THE TASK:
Let your answer be the line containing "Bright Flat Overlooking the sea - Beahost" and every line below it to the end of the records, copied exactly.

_____

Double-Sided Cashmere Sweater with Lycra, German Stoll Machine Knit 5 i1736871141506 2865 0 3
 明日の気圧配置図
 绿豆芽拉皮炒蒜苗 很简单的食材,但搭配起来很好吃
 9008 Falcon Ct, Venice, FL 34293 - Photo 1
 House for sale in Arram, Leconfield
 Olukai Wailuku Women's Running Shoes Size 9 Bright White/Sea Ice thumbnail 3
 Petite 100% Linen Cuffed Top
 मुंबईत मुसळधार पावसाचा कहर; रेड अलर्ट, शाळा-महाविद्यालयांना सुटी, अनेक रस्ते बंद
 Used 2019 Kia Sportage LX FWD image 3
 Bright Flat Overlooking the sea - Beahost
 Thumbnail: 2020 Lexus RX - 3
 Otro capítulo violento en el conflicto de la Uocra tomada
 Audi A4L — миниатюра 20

_____

ANSWER FOR THIS EXERCISE:
 Bright Flat Overlooking the sea - Beahost
 Thumbnail: 2020 Lexus RX - 3
 Otro capítulo violento en el conflicto de la Uocra tomada
 Audi A4L — миниатюра 20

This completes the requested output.